St. Louis-area firms oppose religious objections measure
By Associated Press
ST. LOUIS (AP) - Top executives from some of the St. Louis area's largest companies say Missouri's proposed religious freedom bill could have a devastating impact on the state's economy.
Leaders from Monsanto, MasterCard and other firms joined Gov. Jay Nixon Friday at the St. Louis Regional Chamber to express opposition to Senate Joint Resolution 39. The bill survived a 37-hour filibuster by Senate Democrats.
If approved by the Legislature, it would go to voters.
The proposal calls for amending the state Constitution to create religious protections for some businesses objecting to gay marriage.
The Missouri Chamber of Commerce and Industry announced its opposition to the bill Thursday.
“Dollars, capital, tourism can be anywhere they want in the world we've got to be the most welcoming and competitive,” says Joe Reagan, President of The Saint Louis Regional Chamber of Commerce.
Reagan says if it passed, the bill would shut out major big ticket events, like the NCAA who he says is watching closely how the bill plays out.
Republican sponsor Sen.

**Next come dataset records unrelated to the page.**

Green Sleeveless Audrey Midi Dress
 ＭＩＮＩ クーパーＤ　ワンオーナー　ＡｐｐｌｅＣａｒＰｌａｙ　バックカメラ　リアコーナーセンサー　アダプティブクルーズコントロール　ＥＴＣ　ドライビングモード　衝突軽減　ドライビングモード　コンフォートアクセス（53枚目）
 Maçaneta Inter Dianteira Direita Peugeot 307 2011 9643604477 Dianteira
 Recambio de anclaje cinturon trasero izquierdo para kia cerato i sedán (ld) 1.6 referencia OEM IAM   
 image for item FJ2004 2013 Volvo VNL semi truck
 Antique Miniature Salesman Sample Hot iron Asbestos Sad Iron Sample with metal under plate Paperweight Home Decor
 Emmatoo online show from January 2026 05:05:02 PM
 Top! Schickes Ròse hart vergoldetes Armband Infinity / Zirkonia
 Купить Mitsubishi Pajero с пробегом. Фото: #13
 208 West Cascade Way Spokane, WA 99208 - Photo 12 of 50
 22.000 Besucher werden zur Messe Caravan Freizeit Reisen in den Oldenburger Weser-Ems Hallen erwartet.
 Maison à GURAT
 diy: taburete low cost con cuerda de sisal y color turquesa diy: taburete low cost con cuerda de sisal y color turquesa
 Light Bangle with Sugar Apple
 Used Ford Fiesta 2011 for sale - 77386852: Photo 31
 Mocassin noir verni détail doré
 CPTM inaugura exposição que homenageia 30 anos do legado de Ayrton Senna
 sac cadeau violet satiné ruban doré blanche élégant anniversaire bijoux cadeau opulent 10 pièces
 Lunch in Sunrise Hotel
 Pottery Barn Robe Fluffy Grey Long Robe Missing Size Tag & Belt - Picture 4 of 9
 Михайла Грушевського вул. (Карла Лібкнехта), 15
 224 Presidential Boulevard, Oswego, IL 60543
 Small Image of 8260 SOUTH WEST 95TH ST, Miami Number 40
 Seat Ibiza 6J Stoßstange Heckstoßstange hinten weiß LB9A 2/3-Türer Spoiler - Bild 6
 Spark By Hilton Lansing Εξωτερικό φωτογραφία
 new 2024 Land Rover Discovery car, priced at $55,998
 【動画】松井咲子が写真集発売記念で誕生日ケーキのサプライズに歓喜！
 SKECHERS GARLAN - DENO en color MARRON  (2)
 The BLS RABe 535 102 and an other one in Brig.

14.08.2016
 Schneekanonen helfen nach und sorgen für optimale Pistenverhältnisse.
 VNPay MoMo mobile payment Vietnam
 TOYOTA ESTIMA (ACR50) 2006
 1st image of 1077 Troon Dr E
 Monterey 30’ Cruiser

Bob Onder, of Lake St. Louis, has disputed claims that the measure could hurt business and says some businesses support the proposed amendment.
“Everything from painters, insurance agents, doctors lawyers support my bill,” says Onder.
He didn’t give out names of businesses, but he did specify which religious organizations support him, from the Missouri Baptist Convention, to the Assembly of God and Missouri Catholic Conference.